I own the Basis 2001 TT with the Grahmm 2.2 and Ruby2 Cartridge. I recently purchased the Kobe Strobe kit to test the speed at 33 1/3. The instructions state that if you see the number move less than 10 times in a minute than the speed is fine. Mine moved 2 times. I assume this means that the speed is fairly close to perfection. If I purchased the VPI-SDS speed control, will I hear any real benefits?
P.S. I also tested the speed pluging my TT into the PS Audio P300. There was no difference. I was a little suprised.
Virtually all turntables have some speed control issues. Most of the better ones keep all the variations in a very limited range with little or no audible effect(with most people). However, I am always amazed at what seemingly insignificant things can do to improve the sound quality. I would state that anything that you can do that would smoothe and steady your platter speed is going to be beneficial. Even if your TT is at a good capability already. I know of several people with state-of-the-art turntables, who have found audible benefit from changing power cords on the motor system, changing the caps and resistors and wiring in the motor controller, using better power conditioning or DC battery power on the motors,using different belt materials, etc. When a turntable already has "excellent" speed control, one might wonder how doing any of these things can improve it. I don't know all the exact reasons, but in certain cases the changes are audible. I suspect that the changes are in fact making the motor and drive system operate smoother and more stable.

To paraphrase from an IAR article I once read, the record only supplies half the information in the music. It supplies the amplitude information etched into the vinyl. It relies upon the turntable to supply the other half, which is the time domain of the music. The record must be rotated at the correct speed to supply the time axis of the record moving under the stylus. The better the turntable can do this, the better your music will sound.

I can't say what will improve or degrade the sound in your particular system. Certain changes may make improvements, or may not, or they may or may not be heard at the speaker. You have to experiment on your own system to see what helps and what doesn't.
Well said, Twl! My short pontification is that the better the speed control the better (more accurate) the pitch, therefore the better the music. I have the VPI SDS and am using it in conjunction with the VPI HW-19 Mk. III table. My music IS better using this unit. To me, well worth the price of admission.
I also have this strobe, but it really only tells you what the average speed is. Their could be small variations in the speed, constantly speeding up and slowing down, that the strobe won't reveal. Large flucations would show up as the tick marks drifting first one way and then the other, but I don't think you could see small ones.

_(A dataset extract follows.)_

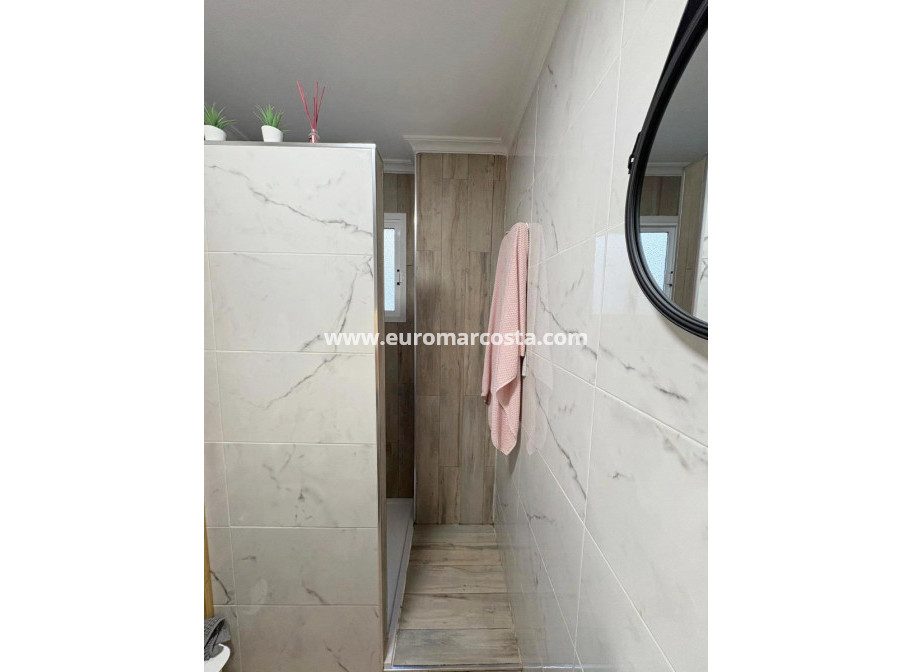 Venta - Apartamento / piso - Los Montesinos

Since I believe you have an AC motor, any variations in the line frequency will result in speed flucations. Just because it was 2 when you measured it doesn't mean it will be 2 all of the time. It depends on how well the power company regulates the frequency and how much noise is on the line. This is where the VPI-SDS or PS Audio come into play. Since they supply an unwavering 60 hz signal, the stability should be better even if you don't see it with the strobe.

If it is stability you seek, then you already have the Ps Audio so I don't see any benefit in getting the VPI since it is also a regenerator. The VPI does perform some other functions such as ramping up the motor so you would need to decide if it is worth it to you. If you use the PS Audio be sure it is set for 60 Hz and the multiwave stuff is turned off.
"The record must be rotated at the correct speed to supply the time axis of the record moving under the stylus. The better the turntable can do this, the better your music will sound."